Quote every entry word for word.

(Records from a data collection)
»»

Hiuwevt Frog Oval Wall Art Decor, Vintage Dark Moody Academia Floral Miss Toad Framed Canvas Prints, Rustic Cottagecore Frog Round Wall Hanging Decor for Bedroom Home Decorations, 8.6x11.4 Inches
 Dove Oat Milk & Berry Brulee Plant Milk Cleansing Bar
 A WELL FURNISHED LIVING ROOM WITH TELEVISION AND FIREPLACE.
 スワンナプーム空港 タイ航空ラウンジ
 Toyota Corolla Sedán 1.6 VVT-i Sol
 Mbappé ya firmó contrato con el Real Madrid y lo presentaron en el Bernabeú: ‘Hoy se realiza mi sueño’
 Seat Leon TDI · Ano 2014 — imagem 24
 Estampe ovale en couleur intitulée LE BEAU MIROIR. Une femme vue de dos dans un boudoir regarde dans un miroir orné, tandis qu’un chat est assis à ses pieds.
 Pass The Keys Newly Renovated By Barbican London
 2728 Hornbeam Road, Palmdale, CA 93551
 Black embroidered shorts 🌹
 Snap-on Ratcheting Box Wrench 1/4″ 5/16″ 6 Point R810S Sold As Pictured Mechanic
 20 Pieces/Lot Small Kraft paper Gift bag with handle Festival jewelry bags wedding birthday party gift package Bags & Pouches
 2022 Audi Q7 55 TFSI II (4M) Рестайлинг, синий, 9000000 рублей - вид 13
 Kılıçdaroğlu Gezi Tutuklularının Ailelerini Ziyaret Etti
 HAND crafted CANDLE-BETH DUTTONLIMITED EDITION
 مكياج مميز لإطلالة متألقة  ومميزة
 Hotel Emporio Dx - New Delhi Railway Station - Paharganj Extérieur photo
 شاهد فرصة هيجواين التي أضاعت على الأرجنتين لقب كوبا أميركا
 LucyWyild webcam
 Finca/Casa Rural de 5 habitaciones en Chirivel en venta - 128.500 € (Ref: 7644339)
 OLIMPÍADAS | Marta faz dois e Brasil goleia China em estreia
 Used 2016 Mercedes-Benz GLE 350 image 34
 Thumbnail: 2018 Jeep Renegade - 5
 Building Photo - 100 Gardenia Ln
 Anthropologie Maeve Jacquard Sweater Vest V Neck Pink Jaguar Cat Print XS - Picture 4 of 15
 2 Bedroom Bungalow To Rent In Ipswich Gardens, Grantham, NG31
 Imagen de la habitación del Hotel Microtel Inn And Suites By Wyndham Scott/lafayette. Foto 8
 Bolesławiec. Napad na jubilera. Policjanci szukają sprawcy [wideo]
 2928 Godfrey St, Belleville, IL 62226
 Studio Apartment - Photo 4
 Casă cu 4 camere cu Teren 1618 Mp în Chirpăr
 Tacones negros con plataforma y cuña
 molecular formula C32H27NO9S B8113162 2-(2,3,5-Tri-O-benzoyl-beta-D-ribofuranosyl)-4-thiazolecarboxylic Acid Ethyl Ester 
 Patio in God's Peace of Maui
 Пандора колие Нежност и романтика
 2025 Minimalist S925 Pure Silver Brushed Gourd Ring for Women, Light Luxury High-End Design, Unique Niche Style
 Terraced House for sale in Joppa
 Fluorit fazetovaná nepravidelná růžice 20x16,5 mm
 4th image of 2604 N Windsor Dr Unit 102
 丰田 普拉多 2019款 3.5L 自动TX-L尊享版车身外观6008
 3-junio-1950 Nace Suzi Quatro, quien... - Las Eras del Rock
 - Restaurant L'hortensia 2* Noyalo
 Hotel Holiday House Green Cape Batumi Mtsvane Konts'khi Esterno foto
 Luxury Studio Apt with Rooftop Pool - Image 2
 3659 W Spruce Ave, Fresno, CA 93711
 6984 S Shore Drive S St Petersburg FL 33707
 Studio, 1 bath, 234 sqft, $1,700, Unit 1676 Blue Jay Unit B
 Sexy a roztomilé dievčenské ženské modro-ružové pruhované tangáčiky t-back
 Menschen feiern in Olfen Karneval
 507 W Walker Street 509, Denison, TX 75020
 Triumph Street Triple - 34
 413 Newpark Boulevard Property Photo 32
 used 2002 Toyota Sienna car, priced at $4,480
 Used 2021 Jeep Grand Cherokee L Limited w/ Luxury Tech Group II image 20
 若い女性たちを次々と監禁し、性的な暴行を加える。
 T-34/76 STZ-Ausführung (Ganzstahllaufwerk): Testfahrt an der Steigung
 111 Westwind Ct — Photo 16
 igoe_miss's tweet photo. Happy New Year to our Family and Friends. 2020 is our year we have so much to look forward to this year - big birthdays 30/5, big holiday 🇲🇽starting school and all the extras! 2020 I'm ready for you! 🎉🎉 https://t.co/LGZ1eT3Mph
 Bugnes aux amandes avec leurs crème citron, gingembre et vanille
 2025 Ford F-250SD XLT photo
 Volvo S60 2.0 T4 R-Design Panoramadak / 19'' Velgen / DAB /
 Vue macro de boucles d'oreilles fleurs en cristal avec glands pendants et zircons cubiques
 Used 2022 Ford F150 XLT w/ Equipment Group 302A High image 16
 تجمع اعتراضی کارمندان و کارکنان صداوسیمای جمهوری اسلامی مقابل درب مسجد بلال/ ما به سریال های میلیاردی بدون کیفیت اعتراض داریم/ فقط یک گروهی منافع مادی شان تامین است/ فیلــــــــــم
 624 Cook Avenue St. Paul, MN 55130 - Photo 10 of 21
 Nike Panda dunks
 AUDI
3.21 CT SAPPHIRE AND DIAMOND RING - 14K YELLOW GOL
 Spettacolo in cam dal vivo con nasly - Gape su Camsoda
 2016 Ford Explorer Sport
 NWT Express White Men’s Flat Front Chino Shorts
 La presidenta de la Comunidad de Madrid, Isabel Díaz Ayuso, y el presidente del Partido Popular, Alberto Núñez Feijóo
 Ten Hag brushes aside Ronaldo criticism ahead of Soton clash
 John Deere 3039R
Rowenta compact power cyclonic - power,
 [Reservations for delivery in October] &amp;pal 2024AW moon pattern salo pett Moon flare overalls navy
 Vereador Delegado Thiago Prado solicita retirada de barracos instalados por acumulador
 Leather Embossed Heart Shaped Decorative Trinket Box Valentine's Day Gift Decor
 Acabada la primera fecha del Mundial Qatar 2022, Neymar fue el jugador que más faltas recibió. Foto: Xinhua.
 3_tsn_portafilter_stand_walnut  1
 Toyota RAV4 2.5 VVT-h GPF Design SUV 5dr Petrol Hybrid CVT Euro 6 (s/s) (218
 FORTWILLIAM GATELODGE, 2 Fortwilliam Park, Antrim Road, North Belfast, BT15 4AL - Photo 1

««

◆ **Response box**:
Hiuwevt Frog Oval Wall Art Decor, Vintage Dark Moody Academia Floral Miss Toad Framed Canvas Prints, Rustic Cottagecore Frog Round Wall Hanging Decor for Bedroom Home Decorations, 8.6x11.4 Inches
 Dove Oat Milk & Berry Brulee Plant Milk Cleansing Bar
 A WELL FURNISHED LIVING ROOM WITH TELEVISION AND FIREPLACE.
 スワンナプーム空港 タイ航空ラウンジ
 Toyota Corolla Sedán 1.6 VVT-i Sol
 Mbappé ya firmó contrato con el Real Madrid y lo presentaron en el Bernabeú: ‘Hoy se realiza mi sueño’
 Seat Leon TDI · Ano 2014 — imagem 24
 Estampe ovale en couleur intitulée LE BEAU MIROIR. Une femme vue de dos dans un boudoir regarde dans un miroir orné, tandis qu’un chat est assis à ses pieds.
 Pass The Keys Newly Renovated By Barbican London
 2728 Hornbeam Road, Palmdale, CA 93551
 Black embroidered shorts 🌹
 Snap-on Ratcheting Box Wrench 1/4″ 5/16″ 6 Point R810S Sold As Pictured Mechanic
 20 Pieces/Lot Small Kraft paper Gift bag with handle Festival jewelry bags wedding birthday party gift package Bags & Pouches
 2022 Audi Q7 55 TFSI II (4M) Рестайлинг, синий, 9000000 рублей - вид 13
 Kılıçdaroğlu Gezi Tutuklularının Ailelerini Ziyaret Etti
 HAND crafted CANDLE-BETH DUTTONLIMITED EDITION
 مكياج مميز لإطلالة متألقة  ومميزة
 Hotel Emporio Dx - New Delhi Railway Station - Paharganj Extérieur photo
 شاهد فرصة هيجواين التي أضاعت على الأرجنتين لقب كوبا أميركا
 LucyWyild webcam
 Finca/Casa Rural de 5 habitaciones en Chirivel en venta - 128.500 € (Ref: 7644339)
 OLIMPÍADAS | Marta faz dois e Brasil goleia China em estreia
 Used 2016 Mercedes-Benz GLE 350 image 34
 Thumbnail: 2018 Jeep Renegade - 5
 Building Photo - 100 Gardenia Ln
 Anthropologie Maeve Jacquard Sweater Vest V Neck Pink Jaguar Cat Print XS - Picture 4 of 15
 2 Bedroom Bungalow To Rent In Ipswich Gardens, Grantham, NG31
 Imagen de la habitación del Hotel Microtel Inn And Suites By Wyndham Scott/lafayette. Foto 8
 Bolesławiec. Napad na jubilera. Policjanci szukają sprawcy [wideo]
 2928 Godfrey St, Belleville, IL 62226
 Studio Apartment - Photo 4
 Casă cu 4 camere cu Teren 1618 Mp în Chirpăr
 Tacones negros con plataforma y cuña
 molecular formula C32H27NO9S B8113162 2-(2,3,5-Tri-O-benzoyl-beta-D-ribofuranosyl)-4-thiazolecarboxylic Acid Ethyl Ester 
 Patio in God's Peace of Maui
 Пандора колие Нежност и романтика
 2025 Minimalist S925 Pure Silver Brushed Gourd Ring for Women, Light Luxury High-End Design, Unique Niche Style
 Terraced House for sale in Joppa
 Fluorit fazetovaná nepravidelná růžice 20x16,5 mm
 4th image of 2604 N Windsor Dr Unit 102
 丰田 普拉多 2019款 3.5L 自动TX-L尊享版车身外观6008
 3-junio-1950 Nace Suzi Quatro, quien... - Las Eras del Rock
 - Restaurant L'hortensia 2* Noyalo
 Hotel Holiday House Green Cape Batumi Mtsvane Konts'khi Esterno foto
 Luxury Studio Apt with Rooftop Pool - Image 2
 3659 W Spruce Ave, Fresno, CA 93711
 6984 S Shore Drive S St Petersburg FL 33707
 Studio, 1 bath, 234 sqft, $1,700, Unit 1676 Blue Jay Unit B
 Sexy a roztomilé dievčenské ženské modro-ružové pruhované tangáčiky t-back
 Menschen feiern in Olfen Karneval
 507 W Walker Street 509, Denison, TX 75020
 Triumph Street Triple - 34
 413 Newpark Boulevard Property Photo 32
 used 2002 Toyota Sienna car, priced at $4,480
 Used 2021 Jeep Grand Cherokee L Limited w/ Luxury Tech Group II image 20
 若い女性たちを次々と監禁し、性的な暴行を加える。
 T-34/76 STZ-Ausführung (Ganzstahllaufwerk): Testfahrt an der Steigung
 111 Westwind Ct — Photo 16
 igoe_miss's tweet photo. Happy New Year to our Family and Friends. 2020 is our year we have so much to look forward to this year - big birthdays 30/5, big holiday 🇲🇽starting school and all the extras! 2020 I'm ready for you! 🎉🎉 https://t.co/LGZ1eT3Mph
 Bugnes aux amandes avec leurs crème citron, gingembre et vanille
 2025 Ford F-250SD XLT photo
 Volvo S60 2.0 T4 R-Design Panoramadak / 19'' Velgen / DAB /
 Vue macro de boucles d'oreilles fleurs en cristal avec glands pendants et zircons cubiques
 Used 2022 Ford F150 XLT w/ Equipment Group 302A High image 16
 تجمع اعتراضی کارمندان و کارکنان صداوسیمای جمهوری اسلامی مقابل درب مسجد بلال/ ما به سریال های میلیاردی بدون کیفیت اعتراض داریم/ فقط یک گروهی منافع مادی شان تامین است/ فیلــــــــــم
 624 Cook Avenue St. Paul, MN 55130 - Photo 10 of 21
 Nike Panda dunks
 AUDI
3.21 CT SAPPHIRE AND DIAMOND RING - 14K YELLOW GOL
 Spettacolo in cam dal vivo con nasly - Gape su Camsoda
 2016 Ford Explorer Sport
 NWT Express White Men’s Flat Front Chino Shorts
 La presidenta de la Comunidad de Madrid, Isabel Díaz Ayuso, y el presidente del Partido Popular, Alberto Núñez Feijóo
 Ten Hag brushes aside Ronaldo criticism ahead of Soton clash
 John Deere 3039R
Rowenta compact power cyclonic - power,
 [Reservations for delivery in October] &amp;pal 2024AW moon pattern salo pett Moon flare overalls navy
 Vereador Delegado Thiago Prado solicita retirada de barracos instalados por acumulador
 Leather Embossed Heart Shaped Decorative Trinket Box Valentine's Day Gift Decor
 Acabada la primera fecha del Mundial Qatar 2022, Neymar fue el jugador que más faltas recibió. Foto: Xinhua.
 3_tsn_portafilter_stand_walnut  1
 Toyota RAV4 2.5 VVT-h GPF Design SUV 5dr Petrol Hybrid CVT Euro 6 (s/s) (218
 FORTWILLIAM GATELODGE, 2 Fortwilliam Park, Antrim Road, North Belfast, BT15 4AL - Photo 1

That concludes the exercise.